Di titik ini, seperti pernah ditegaskan almarhum Nurcholish Madjid (Gatra, 12 Oktober 1996), barangkali tak terlalu berlebihan jika, bagi sebagian orang, "perkataan 'Gontor' hampir identik dengan ide tentang pendidikan Islam yang diselenggarakan dengan cara modern". Sebab, demikian kata Nurcholish, tentu saja suatu hal yang sangat memukau bahwa dalam tahun yang sama dengan kelahiran NU dan dua belas tahun setelah Muhammadiyah, para pendiri Gontor sudah "mampu menggagas sebuah sistem pendidikan pesantren yang berwawasan sangat maju dan bahkan sangat revolusioner untuk zamannya."

Kendati harus segera ditambahkan, bahwa jika dilacak akar historis yang membidani kelahirannya, sebagaimana kelahiran Muhammadiyah, Gontor pun pada dasarnya merupakan wujud lain unintended consequence (akibat tak diniatkan) dari proyek-gagal Politik Etis Belanda yang semula dimaksudkan untuk "mencetak" kaum terpelajar yang kooperatif bagi kepentingan penjajah tapi malah melahirkan lapisan terpelajar yang memelopori pelbagai gerakan perlawanan.

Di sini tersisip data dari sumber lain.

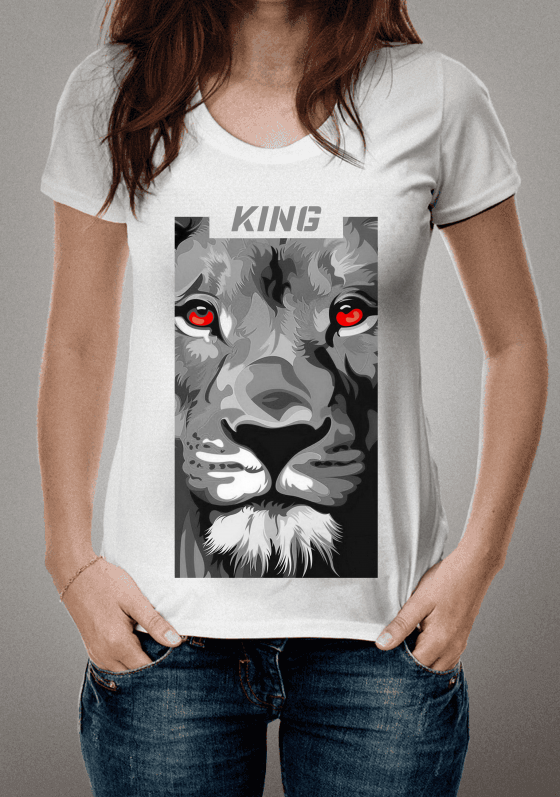 Nome do produto  king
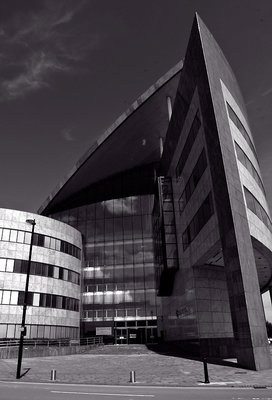 NCM Building, Cardiff Bay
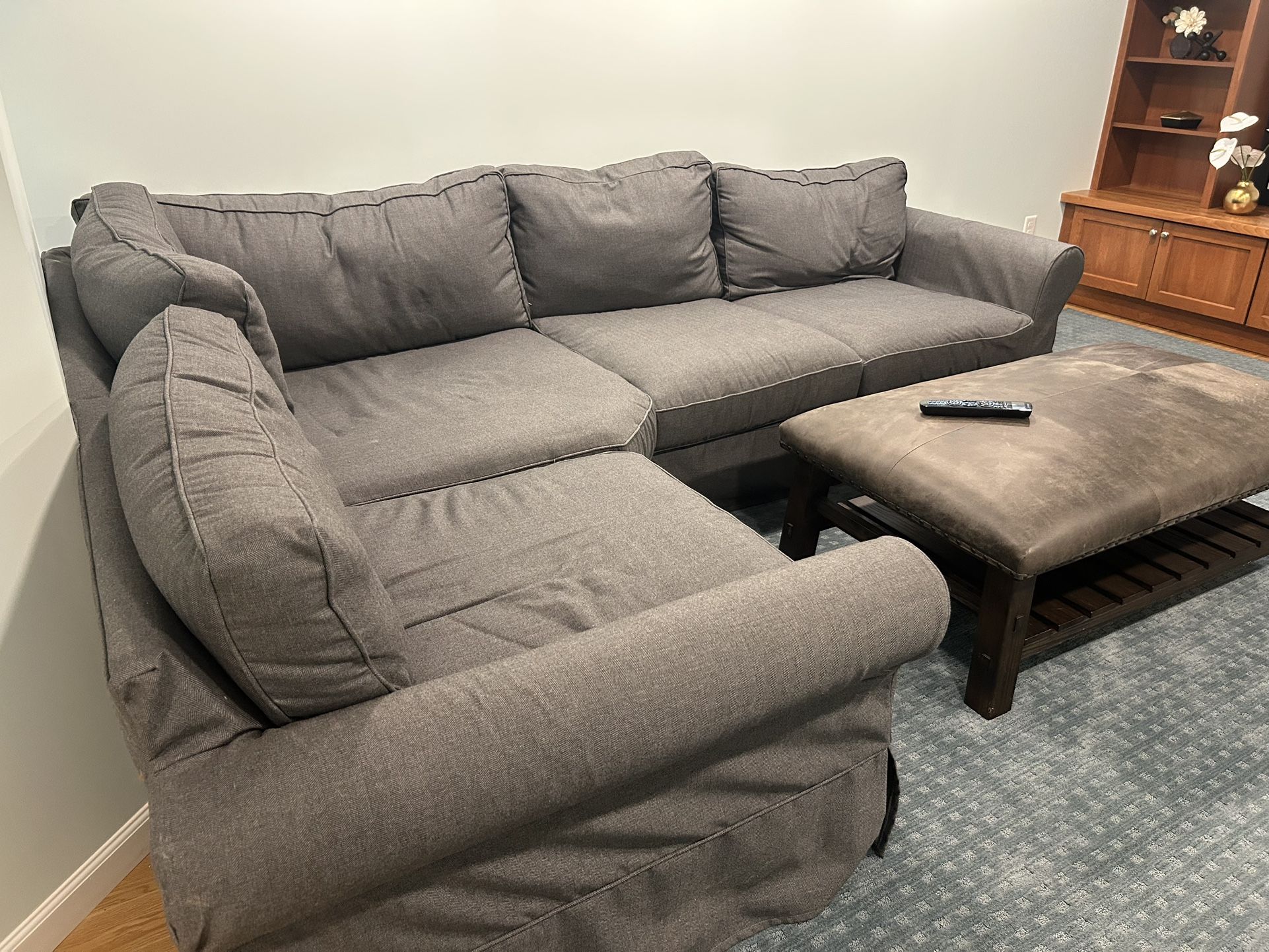 Beautiful Sectional Couch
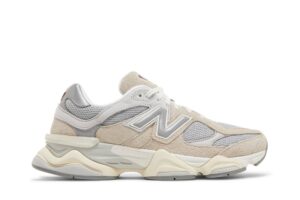 New Balance 9060 Lunar New Year Timberwolf Grey U9060LNY - Arviolet photo 1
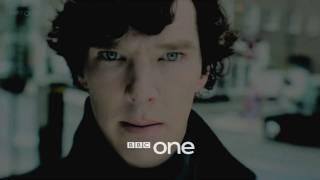 BBC Sherlock The Reichenbach Fall Trailer  Series 2 Episode 3 [upl. by Okeim]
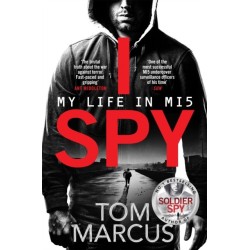 I Spy: My Life in MI5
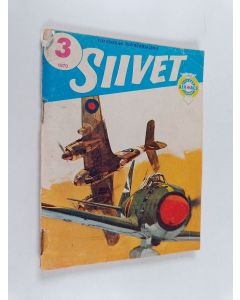 käytetty teos Siivet 3/1970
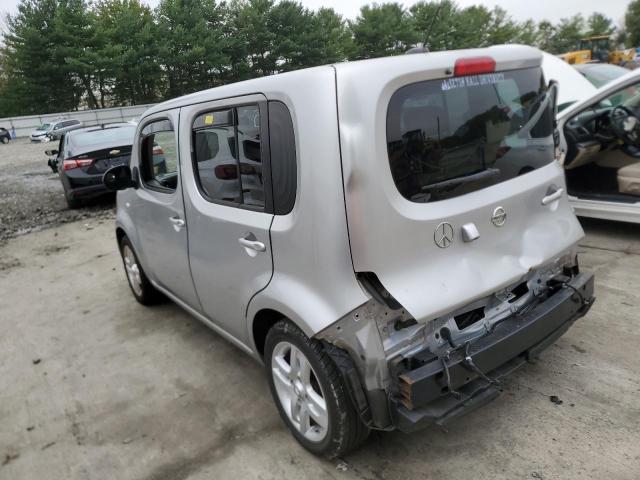 Photo 2 from auction – 2010 NISSAN CUBE BASE with VIN JN8AZ2KR5AT164821
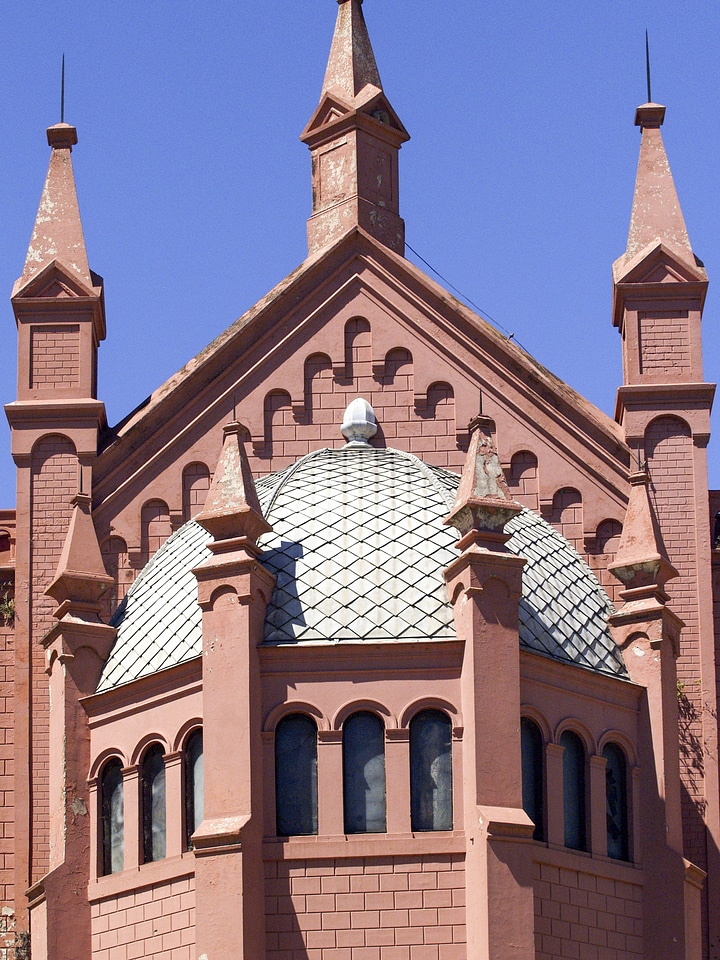 Architecture building religion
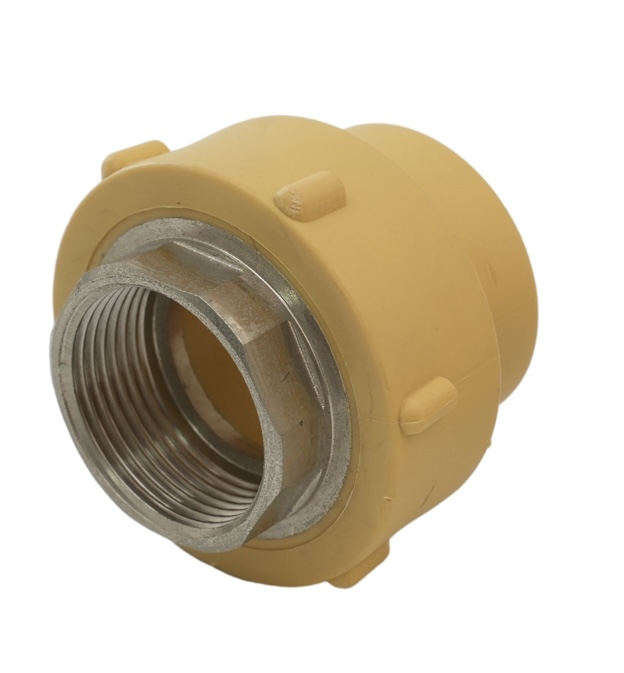 PP-R Female coupler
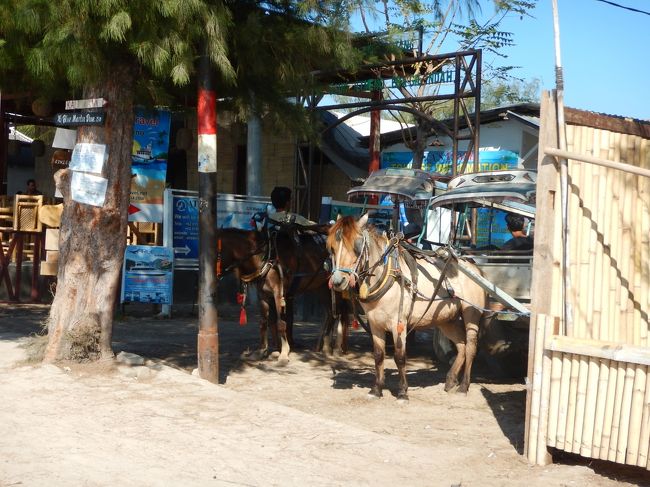 チモド待機場。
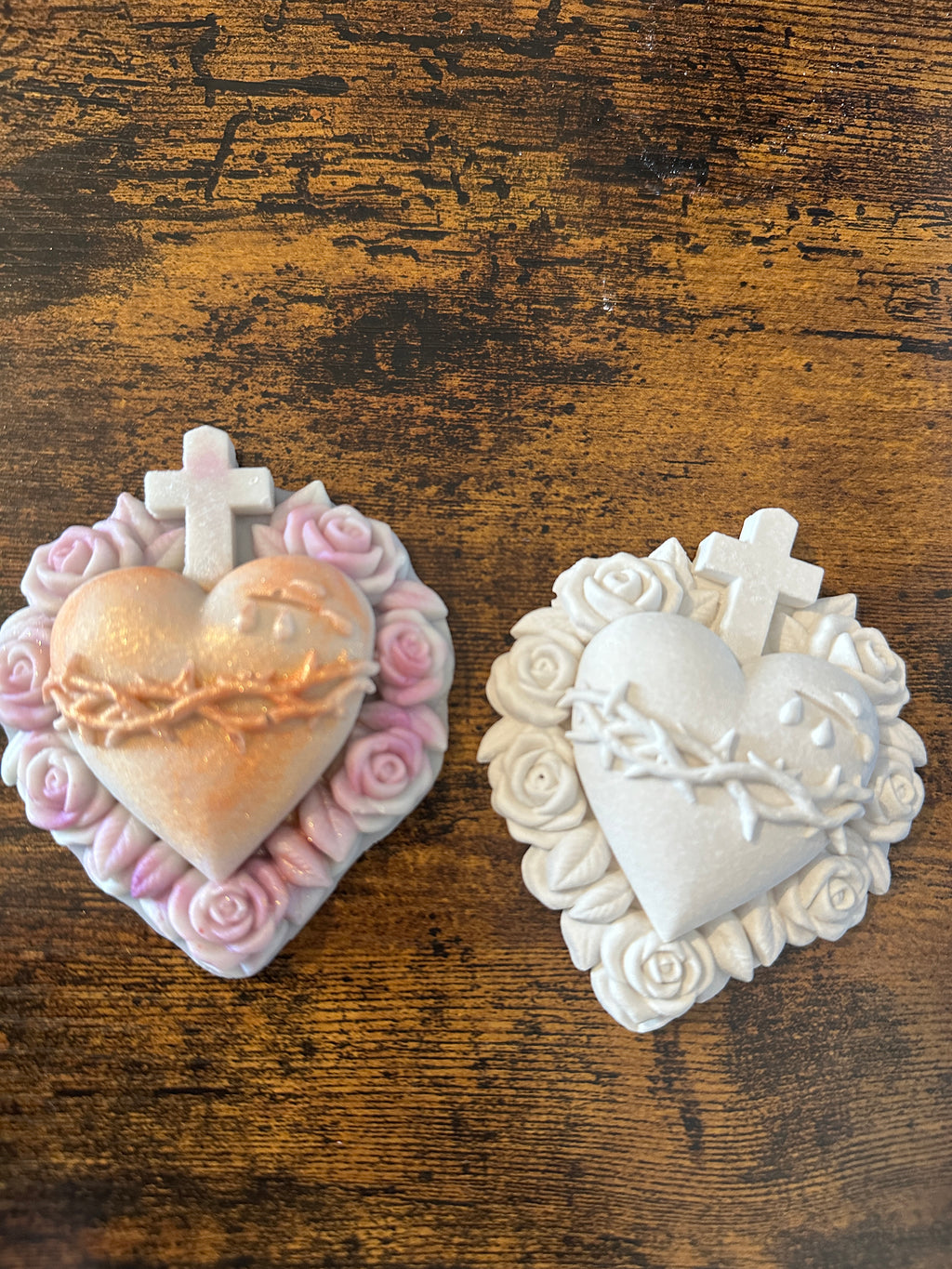 Silicone mold - Bella 'Mbriana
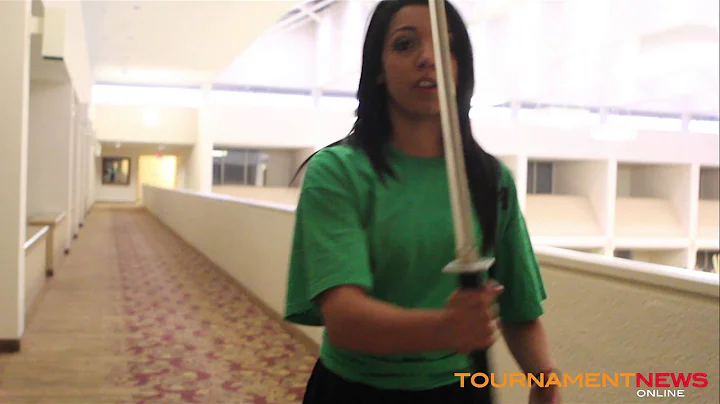 Tournament Tip - Stephannie Figueroa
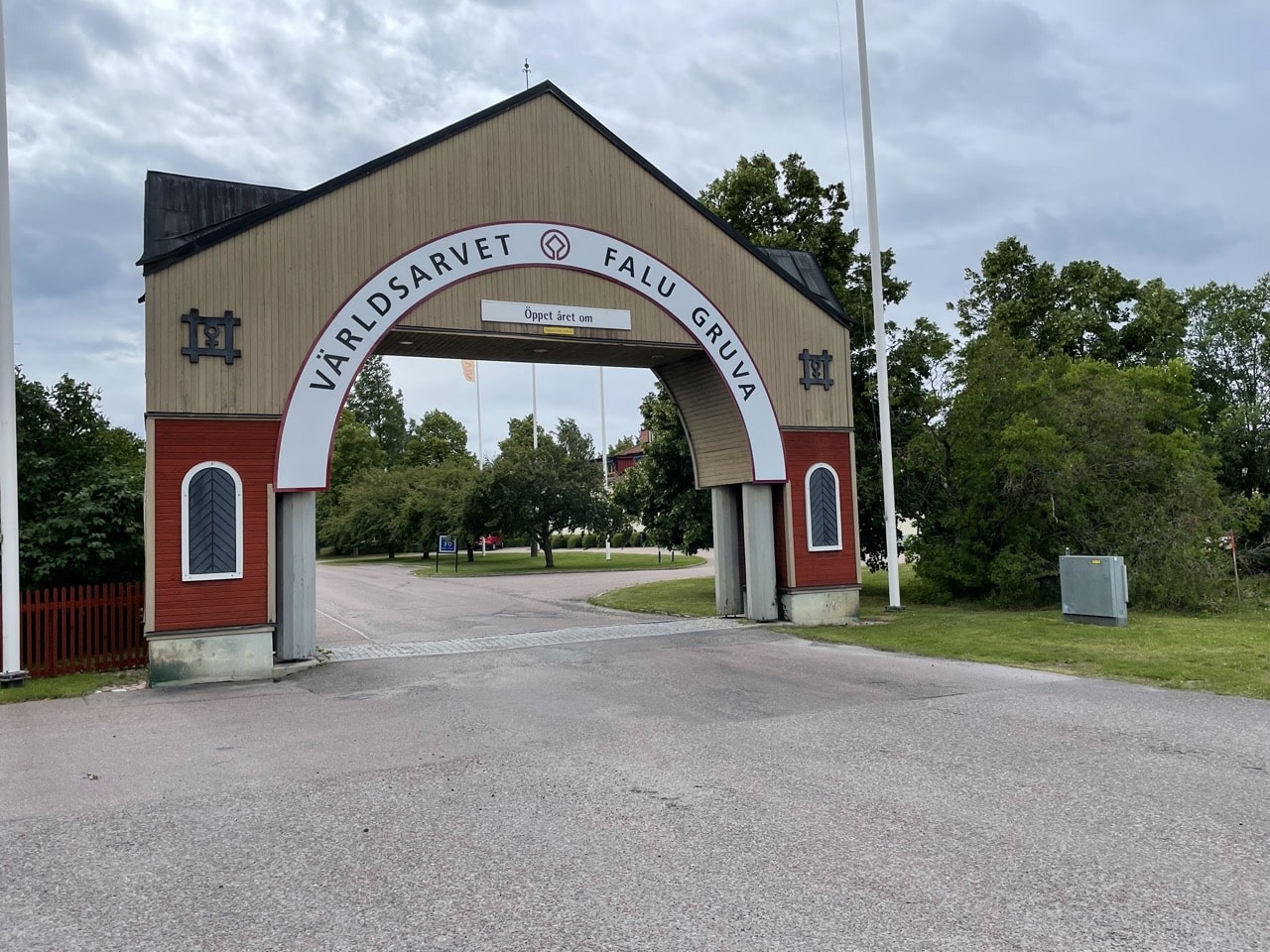 Falun och Kopparbergslagen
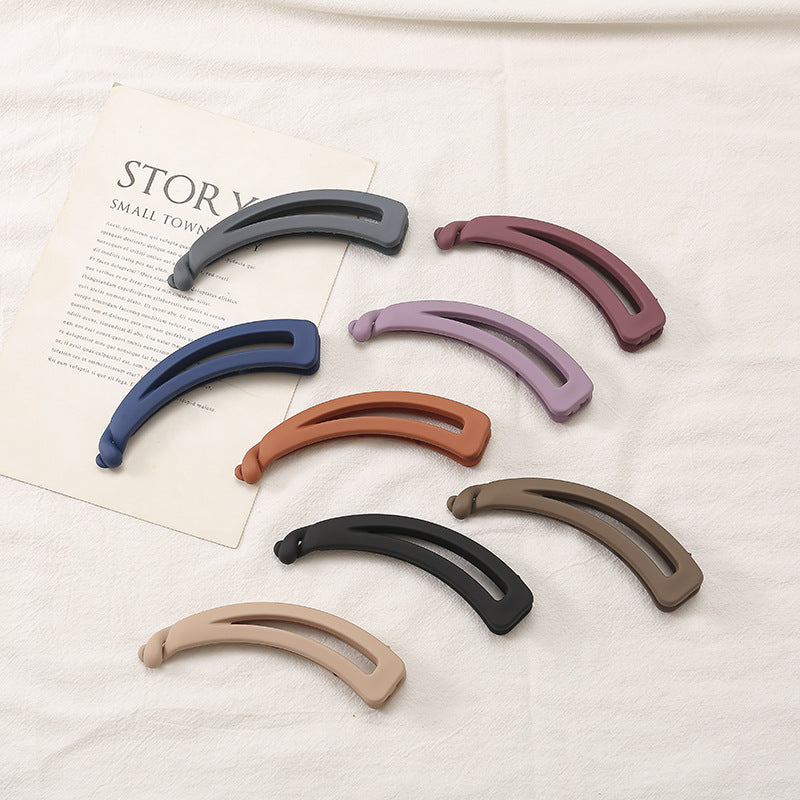 Fashionable Ponytail Banana Clip for Women’s Hair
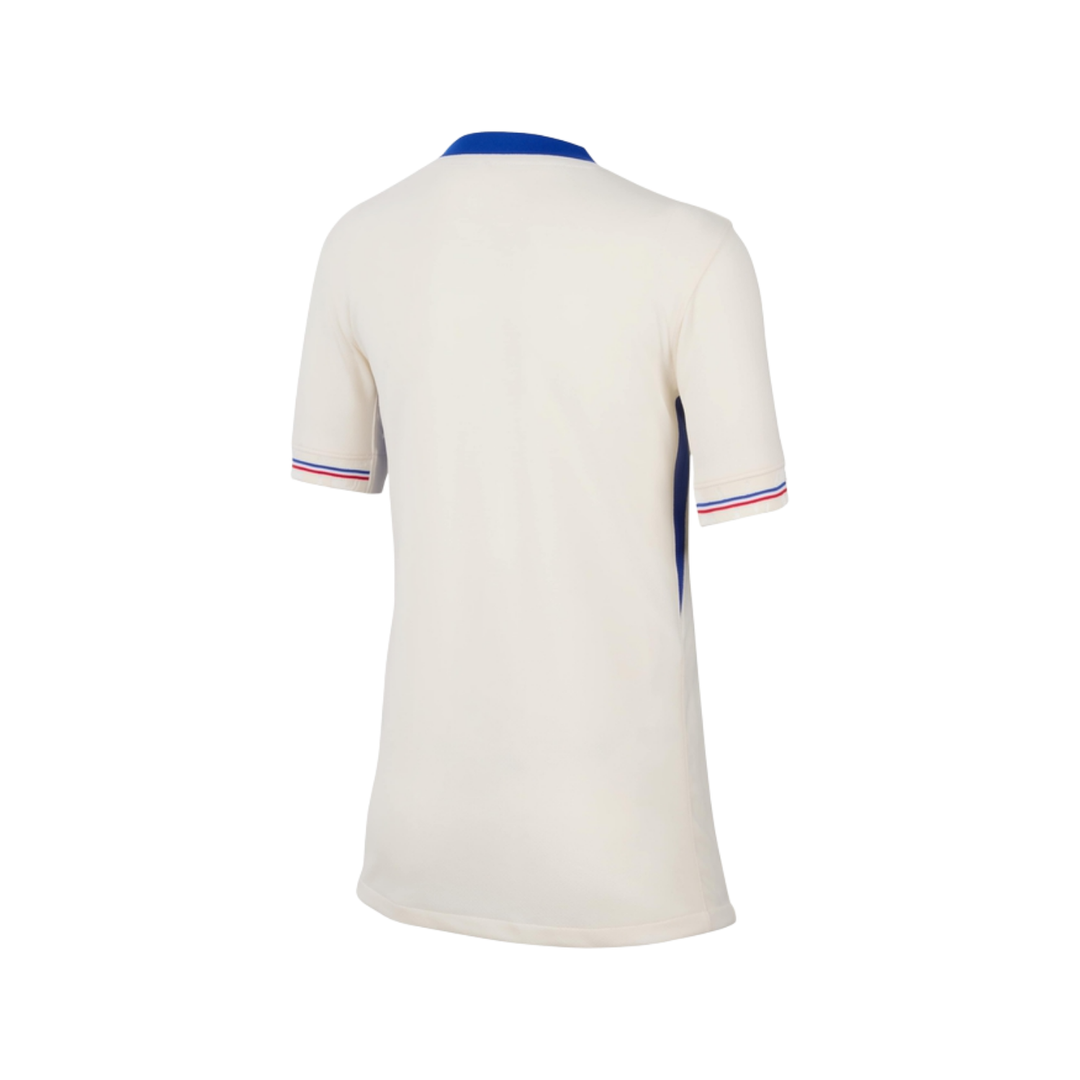 France Youth Away Shirt 25/26 - Women's Team
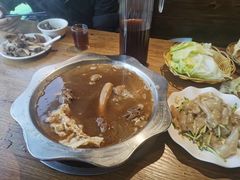 -老诚一锅(乔庄店)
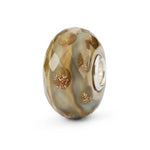 Beads TROLLBEADS Bagliore Di Bronzo in Vetro di Murano - TGLBE-30094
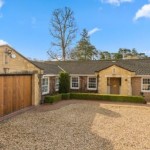5 bed detached bungalow for sale in St Stephens Manor, The Park/Tivoli, Cheltenham GL51 - £1,350,000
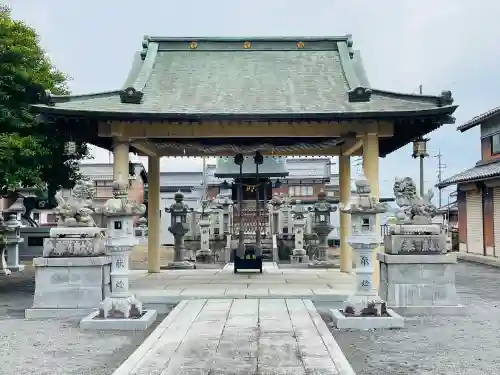亀山神社(滋賀県)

Singkatnya, para pendiri Gontor merupakan lulusan sekolah Belanda (HIS) yang, tak seperti diagendakan, pada gilirannya justru mengkhianati ambisi tersembunyi dalam cetak-biru gerakan Politik Etis Belanda itu.

Tapi, di luar soal unintended consequence yang bahkan dengan sedikit berlebihan juga diakui oleh Pramoedya Ananta Toer dalam Saya terbakar Amarah Sendirian (2006), dengan mengatakan bahwa kaum penjajah Belanda-lah yang berjasa melahirkan bangsa Indonesia, bagaimanapun hampir tak tersedia alasan untuk tak mengatakan Gontor sebagai lembaga pendidikan Islam yang mendahului zamannya. "Berbudi tinggi, berbadan sehat, berpengetahuan luas, dan berpikiran bebas," sebagai empat pilar yang dijadikan spirit dalam kehidupan Gontor, di samping diusungnya beragam ikon modernitas seperti disebutkan sebelumnya, misalnya, tentu saja bukan sebuah terobosan sederhana yang tak memiliki impak dengan jangkauannya yang begitu signifikan.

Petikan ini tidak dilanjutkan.